Thanks to Manandyan's lectures, students at the faculty became aware of the importance of the Armenian language and studied Old Armenian. He also regularly took students on archaeological expeditions to uncover ancient Armenian capitals.

The scholar also placed great importance on music. Through his efforts, a university student choir and orchestra were established. In one of his letters addressed to his daughter Eleonora, he also urged her not to neglect music—piano lessons, otherwise she would later regret it, as he did himself: “The Armenian soul is very enraged and saddened due to objective historical reasons. In my opinion, Armenians desperately need visual arts and music... It is through music and visual arts that Armenians should endure the unspoken sufferings of their past and alleviate the heavy burden of sorrow accumulated in our hearts.”

Most of the letters addressed to his wife and daughter were dedicated to the university and the nation. These were Manandyan's reflections, for which he almost apologized to his loved ones, saying that his letters were one-sided, as his entire life was connected with the university: “Our life never had any other content or direction.”

=== Resignation ===
In September 1923, Manandyan decided to step down from his position as dean.

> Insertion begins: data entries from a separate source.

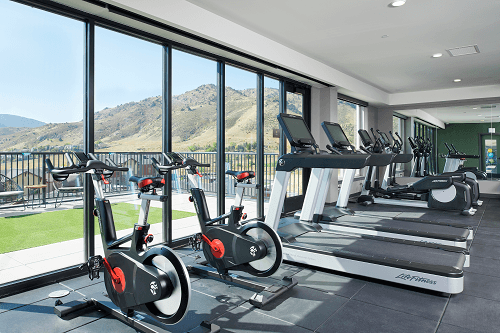 a gym with a view of the mountains in the background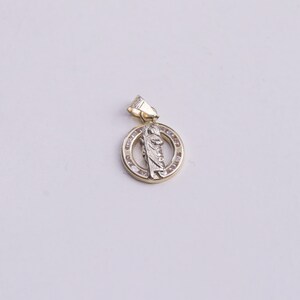May include: A gold pendant with a white figure in the center, surrounded by a circle of small clear stones.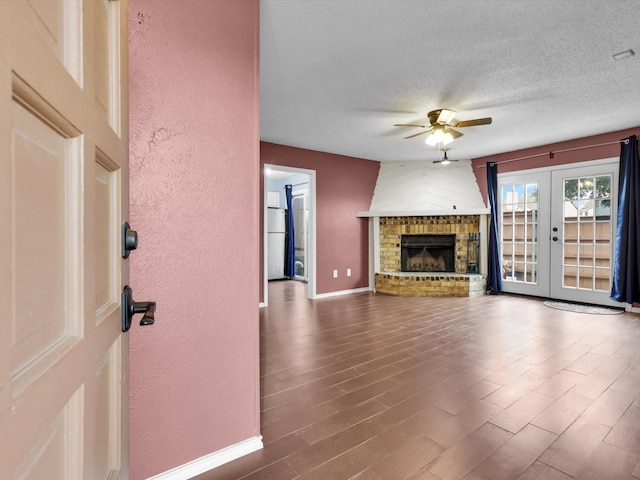 unfurnished living room with hardwood / wood-style floors, ceiling fan, a brick fireplace, a textured ceiling, and french doors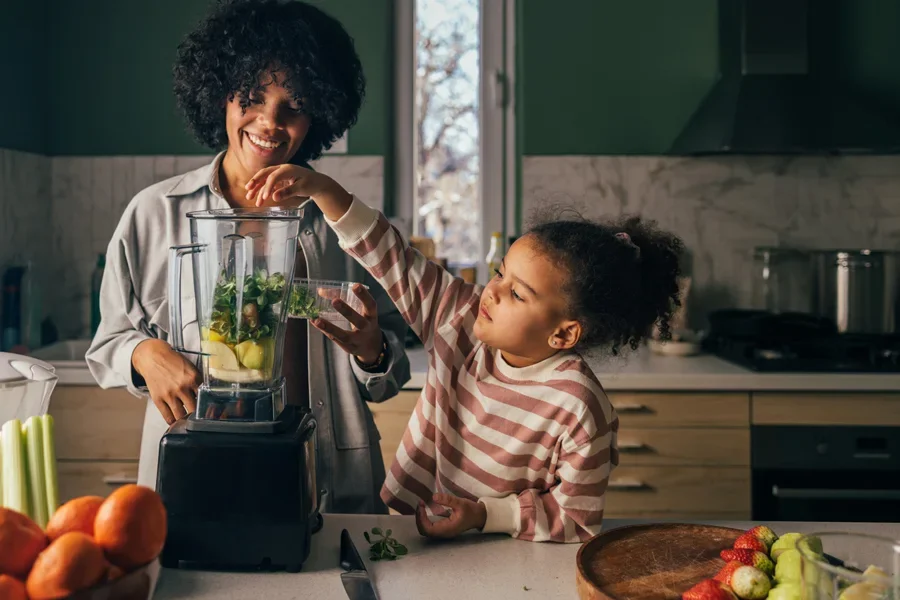 Улыбающиеся мать и дочь вместе готовят полезный смузи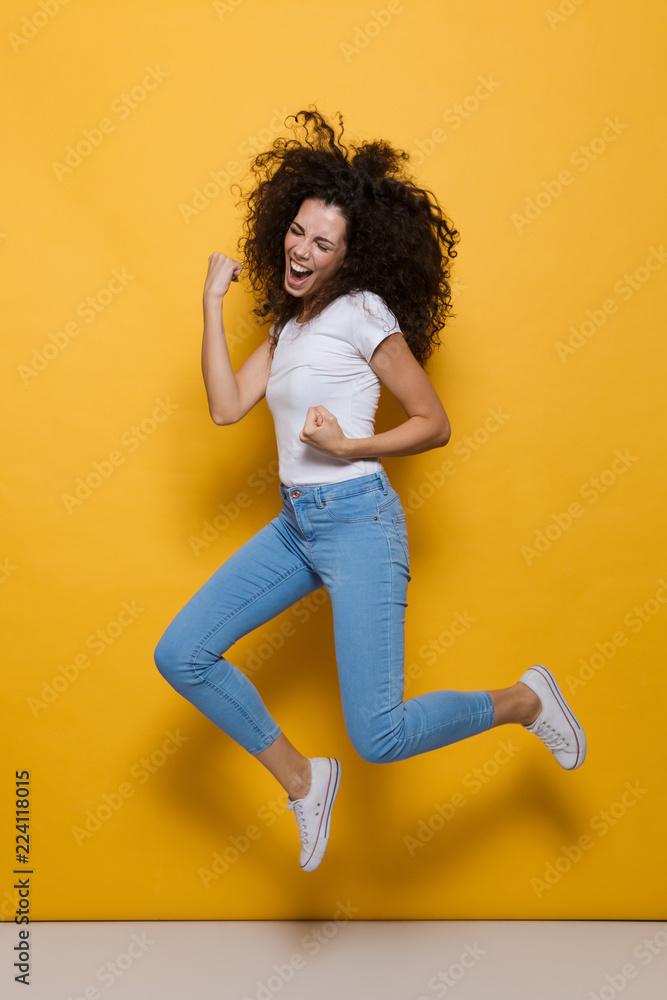 Full length photo of young woman 20s with curly hair having fun and jumping, isolated over yellow background Full length photo of young woman 20s with curly hair having fun and jumping, isolated over yellow background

After Manandyan, the Department of Historiography was headed by Manuk Abeghyan, while Manandyan continued to deliver his lectures on the history of the Armenian nation until 1931, simultaneously advancing scientific publications at the university. He wrote: "Unfortunately, our nation does not realize that it can contribute new insights even to the greatest European scholars through its university and its new generation, which, through the flames of suffering, have managed to develop new perspectives as deep as our own suffering." The bronze bust of Manandyan, installed in the lobby of the central building of Yerevan State University, symbolizes the role of the outstanding scholar and educator in the establishment, development, and advancement of university education and science.

== Legacy ==
Manandyan entered the field of Armenology as a philologist. His extensive research in philology and linguistics later defined the depth and versatility of the works of this renowned historian, dedicated to the history of the Armenian people. During his fruitful scientific career, he authored more than 150 works in Armenian, Russian, German, and other languages, leaving a distinguished mark on the development of Armenian historiography.

=== Philological research ===
Even during his years of teaching at the Gevorgyan Seminary in Etchmiadzin, Manandyan devoted much time to studying the rich manuscripts of the Matenadaran, publishing notable articles and reviews in the journal “Ararat”. According to the great Armenologist, a comprehensive understanding of Armenian history is impossible without a detailed study of Ancient Armenian and foreign sources. From this perspective, the research conducted by H. Acharian and H. Manandyan on Armenian martyrological literature of the 12th–19th centuries is very significant. As a result of this work, the two-volume “Armenian Neo-martyrs” was published in 1902, followed by a comparative-analytical edition of the same collection the following year. Manandyan's primary goal in compiling this work was to identify all sources that could be used to obtain reliable information about the internal life of Armenians under Muslim rule.

During his years of teaching at the seminary, Manandyan also worked on Armenian translations of Greek philosophical works, studying Grecophile texts. The eminent scholar had his own research method. He didn't work on a single cohesive task, he initially examined separate links in the overall chain and then proceeded to contextual and comprehensive research. The result of these studies were works such as "The Problem of David the Invincible in a New Light" (1904), "Excerpts from the Chronicle of Eusebius of Caesarea in an Ancient Manuscript" (1905), "Commentary on Aristotle's Categories Presented by Elias of Alexandria" (1911), and other works, notably the monumental monograph "The Grecophile School/ Hellenizing school- Грекофильская школа and its Periods of Development" (1925), which summarizes this entire period.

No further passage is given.